__TO DO__
Only an exact, line-for-line copy of the data will serve as the answer.

[Stored entries]
%%
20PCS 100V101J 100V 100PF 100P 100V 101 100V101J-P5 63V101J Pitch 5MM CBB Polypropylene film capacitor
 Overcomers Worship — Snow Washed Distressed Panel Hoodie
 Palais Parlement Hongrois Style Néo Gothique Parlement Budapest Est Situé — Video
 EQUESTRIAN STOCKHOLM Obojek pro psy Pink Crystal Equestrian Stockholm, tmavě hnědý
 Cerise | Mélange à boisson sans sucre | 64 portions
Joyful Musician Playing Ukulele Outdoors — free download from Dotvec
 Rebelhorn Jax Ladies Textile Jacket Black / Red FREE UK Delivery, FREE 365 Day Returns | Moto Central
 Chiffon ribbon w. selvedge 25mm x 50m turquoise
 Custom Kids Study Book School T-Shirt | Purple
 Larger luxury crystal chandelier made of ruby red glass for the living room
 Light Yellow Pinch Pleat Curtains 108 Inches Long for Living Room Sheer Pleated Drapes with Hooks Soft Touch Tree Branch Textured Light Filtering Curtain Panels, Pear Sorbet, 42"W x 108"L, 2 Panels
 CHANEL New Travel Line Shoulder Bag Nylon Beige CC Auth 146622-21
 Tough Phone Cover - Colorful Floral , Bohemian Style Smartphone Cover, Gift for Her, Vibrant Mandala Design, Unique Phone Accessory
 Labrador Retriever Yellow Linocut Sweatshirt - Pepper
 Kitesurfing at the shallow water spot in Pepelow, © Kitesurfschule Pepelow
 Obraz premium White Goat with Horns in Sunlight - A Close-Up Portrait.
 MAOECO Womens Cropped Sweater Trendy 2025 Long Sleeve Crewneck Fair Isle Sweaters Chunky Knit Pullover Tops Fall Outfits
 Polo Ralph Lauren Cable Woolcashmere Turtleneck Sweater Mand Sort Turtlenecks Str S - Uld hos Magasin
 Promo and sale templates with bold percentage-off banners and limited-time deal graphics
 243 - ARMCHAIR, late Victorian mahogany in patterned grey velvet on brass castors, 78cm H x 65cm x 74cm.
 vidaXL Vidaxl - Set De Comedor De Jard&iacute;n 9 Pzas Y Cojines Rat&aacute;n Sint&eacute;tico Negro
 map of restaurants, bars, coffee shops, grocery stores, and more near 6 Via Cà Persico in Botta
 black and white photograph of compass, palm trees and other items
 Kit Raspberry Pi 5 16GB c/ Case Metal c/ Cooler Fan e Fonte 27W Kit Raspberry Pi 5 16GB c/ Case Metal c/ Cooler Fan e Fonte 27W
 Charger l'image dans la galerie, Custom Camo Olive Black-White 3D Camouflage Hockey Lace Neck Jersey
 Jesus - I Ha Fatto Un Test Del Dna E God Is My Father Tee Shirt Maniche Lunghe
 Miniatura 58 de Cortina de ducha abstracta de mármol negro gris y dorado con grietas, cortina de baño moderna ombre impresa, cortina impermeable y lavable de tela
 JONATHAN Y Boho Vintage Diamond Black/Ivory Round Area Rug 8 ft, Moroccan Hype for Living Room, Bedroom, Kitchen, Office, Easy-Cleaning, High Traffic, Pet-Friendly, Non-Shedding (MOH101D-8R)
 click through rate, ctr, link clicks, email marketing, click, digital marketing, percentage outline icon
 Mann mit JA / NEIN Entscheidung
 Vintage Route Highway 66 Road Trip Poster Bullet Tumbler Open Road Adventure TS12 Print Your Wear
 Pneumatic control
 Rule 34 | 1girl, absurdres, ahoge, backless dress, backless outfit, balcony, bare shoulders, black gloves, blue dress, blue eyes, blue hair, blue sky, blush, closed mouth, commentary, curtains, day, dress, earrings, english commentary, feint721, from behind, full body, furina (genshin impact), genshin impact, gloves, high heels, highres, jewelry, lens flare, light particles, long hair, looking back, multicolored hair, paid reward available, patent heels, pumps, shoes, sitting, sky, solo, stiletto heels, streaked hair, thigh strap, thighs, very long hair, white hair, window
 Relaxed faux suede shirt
%%
__SOLVED EXERCISE__
20PCS 100V101J 100V 100PF 100P 100V 101 100V101J-P5 63V101J Pitch 5MM CBB Polypropylene film capacitor
 Overcomers Worship — Snow Washed Distressed Panel Hoodie
 Palais Parlement Hongrois Style Néo Gothique Parlement Budapest Est Situé — Video
 EQUESTRIAN STOCKHOLM Obojek pro psy Pink Crystal Equestrian Stockholm, tmavě hnědý
 Cerise | Mélange à boisson sans sucre | 64 portions
Joyful Musician Playing Ukulele Outdoors — free download from Dotvec
 Rebelhorn Jax Ladies Textile Jacket Black / Red FREE UK Delivery, FREE 365 Day Returns | Moto Central
 Chiffon ribbon w. selvedge 25mm x 50m turquoise
 Custom Kids Study Book School T-Shirt | Purple
 Larger luxury crystal chandelier made of ruby red glass for the living room
 Light Yellow Pinch Pleat Curtains 108 Inches Long for Living Room Sheer Pleated Drapes with Hooks Soft Touch Tree Branch Textured Light Filtering Curtain Panels, Pear Sorbet, 42"W x 108"L, 2 Panels
 CHANEL New Travel Line Shoulder Bag Nylon Beige CC Auth 146622-21
 Tough Phone Cover - Colorful Floral , Bohemian Style Smartphone Cover, Gift for Her, Vibrant Mandala Design, Unique Phone Accessory
 Labrador Retriever Yellow Linocut Sweatshirt - Pepper
 Kitesurfing at the shallow water spot in Pepelow, © Kitesurfschule Pepelow
 Obraz premium White Goat with Horns in Sunlight - A Close-Up Portrait.
 MAOECO Womens Cropped Sweater Trendy 2025 Long Sleeve Crewneck Fair Isle Sweaters Chunky Knit Pullover Tops Fall Outfits
 Polo Ralph Lauren Cable Woolcashmere Turtleneck Sweater Mand Sort Turtlenecks Str S - Uld hos Magasin
 Promo and sale templates with bold percentage-off banners and limited-time deal graphics
 243 - ARMCHAIR, late Victorian mahogany in patterned grey velvet on brass castors, 78cm H x 65cm x 74cm.
 vidaXL Vidaxl - Set De Comedor De Jard&iacute;n 9 Pzas Y Cojines Rat&aacute;n Sint&eacute;tico Negro
 map of restaurants, bars, coffee shops, grocery stores, and more near 6 Via Cà Persico in Botta
 black and white photograph of compass, palm trees and other items
 Kit Raspberry Pi 5 16GB c/ Case Metal c/ Cooler Fan e Fonte 27W Kit Raspberry Pi 5 16GB c/ Case Metal c/ Cooler Fan e Fonte 27W
 Charger l'image dans la galerie, Custom Camo Olive Black-White 3D Camouflage Hockey Lace Neck Jersey
 Jesus - I Ha Fatto Un Test Del Dna E God Is My Father Tee Shirt Maniche Lunghe
 Miniatura 58 de Cortina de ducha abstracta de mármol negro gris y dorado con grietas, cortina de baño moderna ombre impresa, cortina impermeable y lavable de tela
 JONATHAN Y Boho Vintage Diamond Black/Ivory Round Area Rug 8 ft, Moroccan Hype for Living Room, Bedroom, Kitchen, Office, Easy-Cleaning, High Traffic, Pet-Friendly, Non-Shedding (MOH101D-8R)
 click through rate, ctr, link clicks, email marketing, click, digital marketing, percentage outline icon
 Mann mit JA / NEIN Entscheidung
 Vintage Route Highway 66 Road Trip Poster Bullet Tumbler Open Road Adventure TS12 Print Your Wear
 Pneumatic control
 Rule 34 | 1girl, absurdres, ahoge, backless dress, backless outfit, balcony, bare shoulders, black gloves, blue dress, blue eyes, blue hair, blue sky, blush, closed mouth, commentary, curtains, day, dress, earrings, english commentary, feint721, from behind, full body, furina (genshin impact), genshin impact, gloves, high heels, highres, jewelry, lens flare, light particles, long hair, looking back, multicolored hair, paid reward available, patent heels, pumps, shoes, sitting, sky, solo, stiletto heels, streaked hair, thigh strap, thighs, very long hair, white hair, window
 Relaxed faux suede shirt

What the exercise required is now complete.